With Respect, PD James, Your Writing Rules Are Wrong
Phyllis Dorothy James is, without doubt, the grande-dame of crime writing. At 93 and still going strong, she has just issued her top ten tips for writing novels. It’s heresy (especially coming from a writer with a fraction of her fame and longevity) but I do think some of them are wrong. What clearly works for her is not what would work for many professional authors.
Let’s take the points one by one.
1. You must be born to write
Ms James says ‘You can’t teach someone to know how to use words effectively and beautifully.’ Not everyone has the benefit of supportive parents or a good education. Much as a brilliant chef may grow up in a home where no good cooking is ever attempted (Nigel Slater wrote about this in his memoir ‘Toast’) a would-be writer may be taught to understand the beauty of words. You must be born with a curiosity about the world and its people. How that curiosity is shaped depends on a good teacher, nurture, opportunity and passion, not birthright.
2. Write about what you know
No, write about what you don’t know! Write what you hope, you dream, you love and fear. You can learn what you need to know easily enough. HRF Keating wrote the Inspector Ghote novels without ever setting foot in India, and when he finally did, it ruined his books. Understand human emotions, but make a lot of stuff up – it’s called fiction.
3. Find your own routine
Life is changing fast. Routines are a luxury few of us now have. Write when you can, where you can – that’s all. But write regularly. And don’t break the three-day rule (when working on a novel, never leave it longer than three days without writing).
4. Be aware that the business is changing
Yes, but you’re writing something that will always be needed – a story. And that doesn’t change though all the formats and selling systems around it do. Concentrate on the part your good at, the words, and let others decide how, when and where it will be sold, otherwise you end up becoming the harassed business manager of your own livelihood.
5. Read, write and don’t daydream
This is possibly the worst advice imaginable.
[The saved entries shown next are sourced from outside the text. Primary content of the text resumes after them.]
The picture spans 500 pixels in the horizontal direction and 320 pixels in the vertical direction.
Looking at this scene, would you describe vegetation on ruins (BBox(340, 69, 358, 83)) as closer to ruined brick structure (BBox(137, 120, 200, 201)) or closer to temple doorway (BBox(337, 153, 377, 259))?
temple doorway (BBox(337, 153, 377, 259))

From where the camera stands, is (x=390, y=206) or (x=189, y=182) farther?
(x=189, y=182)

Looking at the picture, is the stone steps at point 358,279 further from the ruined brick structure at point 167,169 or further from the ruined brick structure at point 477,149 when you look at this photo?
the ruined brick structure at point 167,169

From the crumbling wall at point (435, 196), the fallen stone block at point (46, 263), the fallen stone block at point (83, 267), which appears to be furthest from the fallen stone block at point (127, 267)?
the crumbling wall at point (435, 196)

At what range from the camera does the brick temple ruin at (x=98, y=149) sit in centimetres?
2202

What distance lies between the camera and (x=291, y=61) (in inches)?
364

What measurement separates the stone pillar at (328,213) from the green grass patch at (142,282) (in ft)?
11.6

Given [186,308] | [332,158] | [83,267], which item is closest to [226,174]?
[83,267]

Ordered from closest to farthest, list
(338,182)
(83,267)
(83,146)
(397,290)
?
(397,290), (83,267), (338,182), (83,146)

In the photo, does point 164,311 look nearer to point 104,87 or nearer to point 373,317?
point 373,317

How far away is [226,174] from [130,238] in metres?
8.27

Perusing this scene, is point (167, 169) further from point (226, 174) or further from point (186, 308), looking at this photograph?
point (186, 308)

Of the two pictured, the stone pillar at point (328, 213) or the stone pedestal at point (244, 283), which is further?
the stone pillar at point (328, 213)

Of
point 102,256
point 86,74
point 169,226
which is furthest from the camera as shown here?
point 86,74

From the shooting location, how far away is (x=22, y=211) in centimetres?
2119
Without space and air and light and calm, those lacunae of everyday life, there is no imagination, and the ideas don’t form. I can sit and write for days and produce dull rubbish, or spend a day wandering around a city and come back with my head filled with plots, characters, consequences, dialogues.
6. Enjoy your own company
Safe advice, but the most productive time I ever spent was in a cramped office with four other very noisy writers. . Do what’s best for you. Only the thinking-out part has to happen inside your lonely head.
7. Choose a good setting
This is the point I most agree with. Without a clear plot location, stories often feel empty and unformed. Although I’d mitigate it by pointing out that two of the greatest short stories, Shirley Jackson’s ‘The Lottery’ and Alberto Manguel’s ‘Seven Floors’ have no time or place attached to them at all.
8. Never go anywhere without a notebook
It’s a good idea, but now that just means carrying a phone, iPad or electronic device, which you probably already do.
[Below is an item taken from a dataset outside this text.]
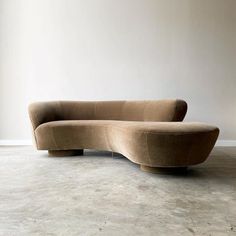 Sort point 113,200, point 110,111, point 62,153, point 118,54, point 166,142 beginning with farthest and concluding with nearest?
point 118,54 → point 110,111 → point 62,153 → point 166,142 → point 113,200

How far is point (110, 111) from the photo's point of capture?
11.4 ft

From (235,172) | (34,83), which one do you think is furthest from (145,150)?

9. Never talk about a book before it is finished
No, no, no! If you stay silent and only seal it inside you, you’ll never iron out the improbabilities. Talk to a friend, discussing the book in natural conversation, and I swear you’ll quickly come to spot all of its faults before the other person has said a single thing. You need a real-world sounding board for something that has only lived in your head.
10. Know when to stop
Talent of Ms James’ stature probably allows her to circumvent this, but unfortunately most publishers specify length of works in their contracts and ask us to pump up the word count accordingly.
The days of writing as a higher calling are over; we write on the fly, as you can, talking to everyone and anyone, as part of world society, not in a room with a desk and a view. Those days are over forever.